I wonder what the Transportation and Security Administration will come up with to foil plots like this.  Will we have to strip off completely at airports?  (Oh, but I like to leave my socks on!)  Seriously.  The next time I need to take a trip, I might as well walk.

Wednesday, May 09, 2012

My mustache will have about as long a shelf life as that song did.

At lunch today, one of the cafeteria workers gestured to my mustache and said, "You're looking more rico suave every day."  Now I'm stuck, trying to figure out which would be a bigger compliment:  looking like Gerardo (who didn't have a mustache) or looking like this.

Monday, May 07, 2012

An Adult Imponderable

Does a courteous hooker provide receipts that read, "Thank you.  Please come again."?

This looks like a job for Captain Chlorophyll!

The superhero, that is, not me.

We discovered on Friday that some of the plants my crew planted outside the school's main entrance on Tuesday had been stolen.  (That's less than three days.)  By my estimate, about 200 baby plants had been yanked mercilessly from the ground.  The irrigation system had run since the theft, so the footprints left in the soft flowerbed had been muddled enough that we couldn't tell any tread.
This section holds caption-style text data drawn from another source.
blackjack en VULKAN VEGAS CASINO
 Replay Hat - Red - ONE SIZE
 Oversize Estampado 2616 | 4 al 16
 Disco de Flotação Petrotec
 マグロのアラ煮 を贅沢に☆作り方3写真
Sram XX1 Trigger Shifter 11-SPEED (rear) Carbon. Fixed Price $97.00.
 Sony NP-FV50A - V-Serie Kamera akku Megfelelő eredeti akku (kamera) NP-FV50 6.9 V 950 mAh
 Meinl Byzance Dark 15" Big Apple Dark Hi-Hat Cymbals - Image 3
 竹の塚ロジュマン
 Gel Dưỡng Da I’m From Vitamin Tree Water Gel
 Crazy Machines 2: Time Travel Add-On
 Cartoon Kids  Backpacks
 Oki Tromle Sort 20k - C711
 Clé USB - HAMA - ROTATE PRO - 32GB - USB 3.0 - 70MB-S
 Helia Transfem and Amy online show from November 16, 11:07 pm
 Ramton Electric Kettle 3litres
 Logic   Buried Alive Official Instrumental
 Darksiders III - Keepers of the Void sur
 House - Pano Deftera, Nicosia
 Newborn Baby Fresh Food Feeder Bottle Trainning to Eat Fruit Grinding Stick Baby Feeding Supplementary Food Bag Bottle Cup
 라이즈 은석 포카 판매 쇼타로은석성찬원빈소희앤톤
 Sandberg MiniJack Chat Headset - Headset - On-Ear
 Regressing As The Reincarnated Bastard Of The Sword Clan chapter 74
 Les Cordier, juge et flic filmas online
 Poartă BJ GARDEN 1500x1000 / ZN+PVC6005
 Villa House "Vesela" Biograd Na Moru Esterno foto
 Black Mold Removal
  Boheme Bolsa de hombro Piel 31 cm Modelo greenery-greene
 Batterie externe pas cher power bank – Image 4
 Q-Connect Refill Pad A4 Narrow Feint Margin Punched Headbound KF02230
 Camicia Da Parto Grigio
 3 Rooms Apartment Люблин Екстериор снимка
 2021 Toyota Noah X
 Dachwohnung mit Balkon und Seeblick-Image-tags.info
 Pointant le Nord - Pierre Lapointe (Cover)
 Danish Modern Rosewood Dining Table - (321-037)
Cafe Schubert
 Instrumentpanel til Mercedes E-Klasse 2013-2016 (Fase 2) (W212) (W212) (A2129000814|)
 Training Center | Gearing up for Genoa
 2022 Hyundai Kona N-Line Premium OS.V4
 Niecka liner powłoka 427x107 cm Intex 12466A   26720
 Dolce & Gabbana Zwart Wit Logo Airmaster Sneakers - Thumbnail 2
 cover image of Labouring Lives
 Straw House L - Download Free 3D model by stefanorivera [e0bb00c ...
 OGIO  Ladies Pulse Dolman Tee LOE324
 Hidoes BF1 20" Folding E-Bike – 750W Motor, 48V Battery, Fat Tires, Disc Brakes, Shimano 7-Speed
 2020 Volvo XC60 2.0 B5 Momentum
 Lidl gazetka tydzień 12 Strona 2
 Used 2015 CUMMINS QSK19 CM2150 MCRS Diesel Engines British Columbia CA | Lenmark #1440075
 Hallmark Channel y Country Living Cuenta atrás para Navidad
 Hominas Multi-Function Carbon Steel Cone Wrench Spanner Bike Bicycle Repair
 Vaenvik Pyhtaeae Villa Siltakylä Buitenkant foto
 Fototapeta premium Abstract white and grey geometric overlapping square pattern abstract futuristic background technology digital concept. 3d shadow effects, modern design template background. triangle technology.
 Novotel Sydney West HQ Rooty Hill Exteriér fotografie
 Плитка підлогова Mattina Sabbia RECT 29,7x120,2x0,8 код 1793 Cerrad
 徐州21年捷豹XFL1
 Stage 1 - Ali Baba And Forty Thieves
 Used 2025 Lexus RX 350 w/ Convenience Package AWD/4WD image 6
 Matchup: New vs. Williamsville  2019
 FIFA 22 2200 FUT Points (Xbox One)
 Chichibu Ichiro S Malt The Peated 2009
So far, all I want (besides getting the plants back) is to bury the miscreant up to his/her neck in the soil and stick little blue flowers in his/her head.

Friday, May 04, 2012

There's something on your face.

That's what the wag (or so he thinks of himself) on my crew said to me about my mustache.  The jokes which the people at bowling told me didn't even make sense.  The good news is that my barber said he can get rid of it for me when I'm done with it.

At two weeks after beginning, the hairs in my mustache are now kind of soft, rather than bristly.  Still, it's weird, trying to scratch an itch and realizing there's something between my finger and my face, or drinking and feeling the outermost hairs rubbing against the curve of the glass.

The other day, I looked in the mirror and thought I might pass for Dr. Watson.  The next day, I resembled a stock, English, ex-military man, kind of like the customer in Are You Being Served? who said, "It's a pity they discontinued national service" (not Captain Peacock, whom the cafeteria manager once described as "the uppity one with the moth-eaten 'tache").

Yes, I know Betty requested pictures.  I do have my anonymity to protect, though.  I suppose I could stand in front of a mirror and use the camera itself to block the upper half of my face.  Or maybe I can use whatever image-altering software is on my computer to crop out everything but my mustache.  First, I have to convince myself to do it.  After all, if the camera adds ten pounds to my weight, and if the mustache adds ten years to my age, do I really want all of you seeing me like that?